Drafty British companies waste $5 billion: survey

File photo shows three buildings in the Canary Wharf financial district of London May 7, 2008. REUTERS/Kevin Coombs EDITORS NOTE: Small white marks in the sky are reflections. Picture shot through glass.

LONDON (Reuters) - British businesses are wasting 2.5 billion pounds ($4.99 billion) a year in energy bills swollen by inefficiencies such as drafty windows or leaving lights and computers on, the Carbon Trust said on Tuesday.

Racing oil prices have added to the cost of wasted energy but businesses are not responding far enough according to the private, government-funded agency whose mandate is to drive cuts in UK carbon emissions and so help fight climate change.

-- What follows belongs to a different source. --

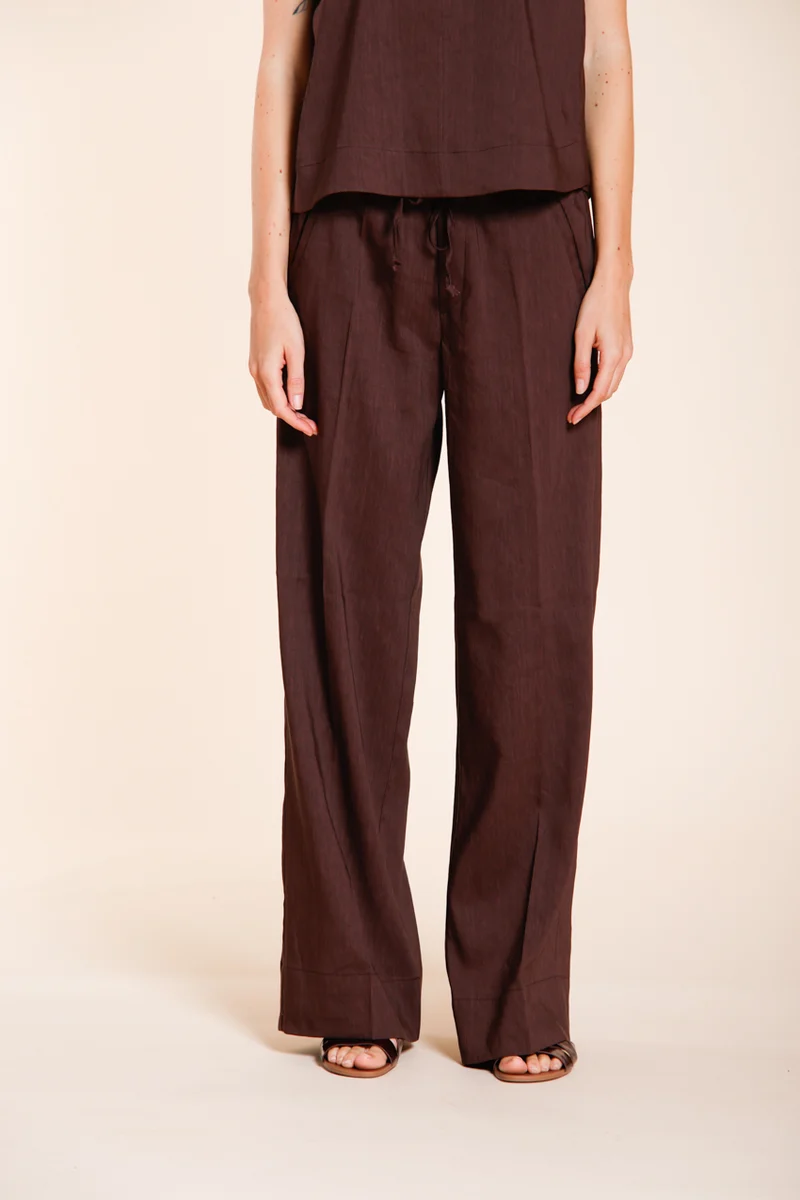 New York Studio Elax pantalon chino jogger femme en toile de lin mélangé straight fit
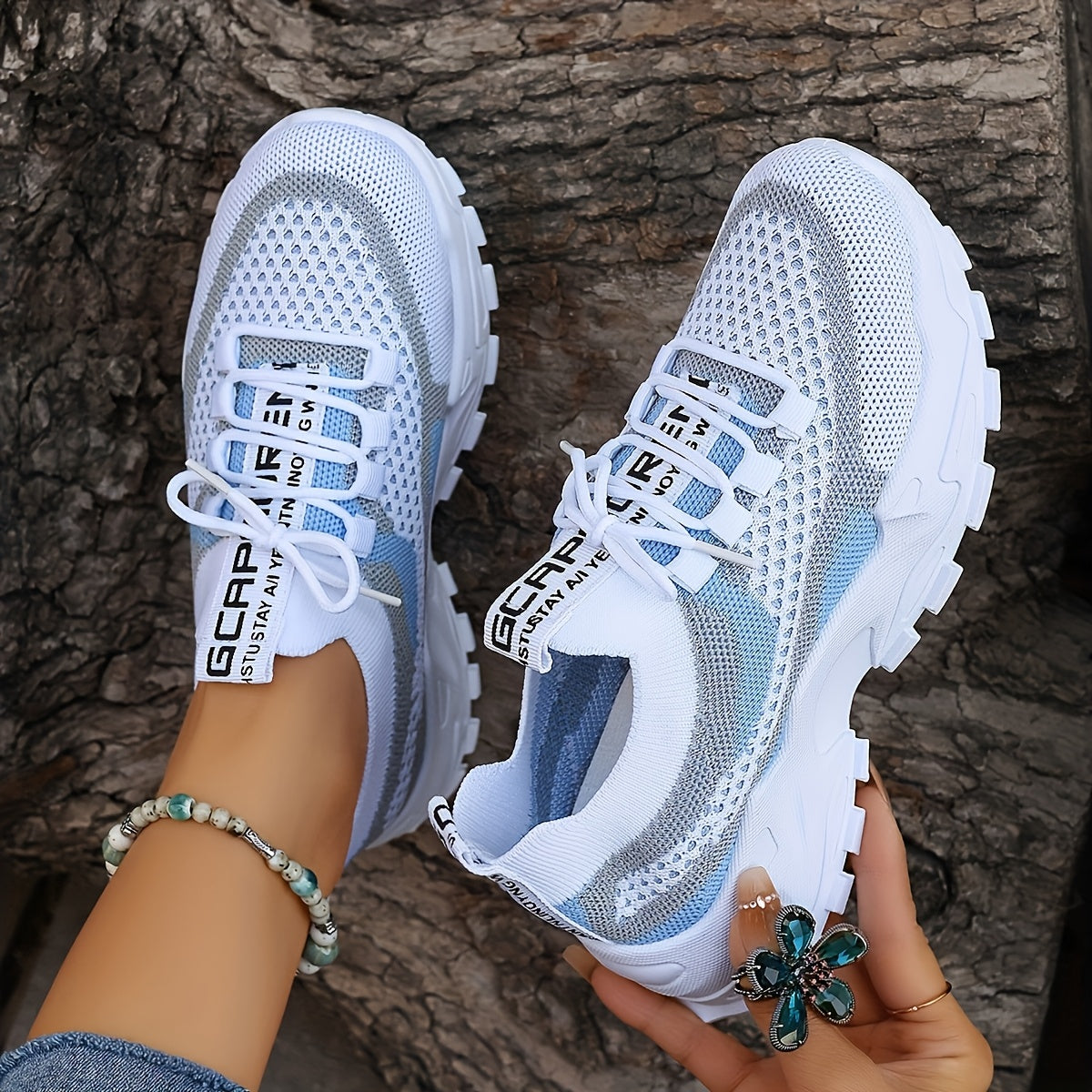 Women's Low-Top Breathable Tennis Sneakers with Cushioned Sole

“We’re talking about money that could be saved by making quick and easy changes such as encouraging staff to turn off computers and lights, turning down the heating, or maintaining equipment properly,” said Hugh Jones, solutions director at the Carbon Trust.

Oil was trading at around $130 on Monday compared with $75 at the same time last year, a doubling in prices that has driven up linked gas and electricity prices.

Businesses were starting to conserve energy more, to help them weather a global economic slowdown.

A fifth of nearly 900 surveyed senior business managers had stepped up efforts to cut carbon emissions in the past six months compared with 9 percent who said this slipped down their priorities, the Carbon Trust report said.

“Our research shows that energy efficiency measures, not job cuts or salary freezes, are the cost-cutting steps businesses are considering first during this economically challenging time,” Jones said.

The Carbon Trust receives 100 million pounds in annual government funding to drive cuts in emissions of greenhouse gases such as carbon dioxide, leading to cuts of up to 2 million tonnes of CO2 in 2006-2007 described as “small” but “commendable” by government funding watchdog the National Audit Office.

Total UK greenhouse gas emissions were 656 million tonnes of carbon dioxide equivalent in 2006, down less than 0.5 percent on 2005 levels.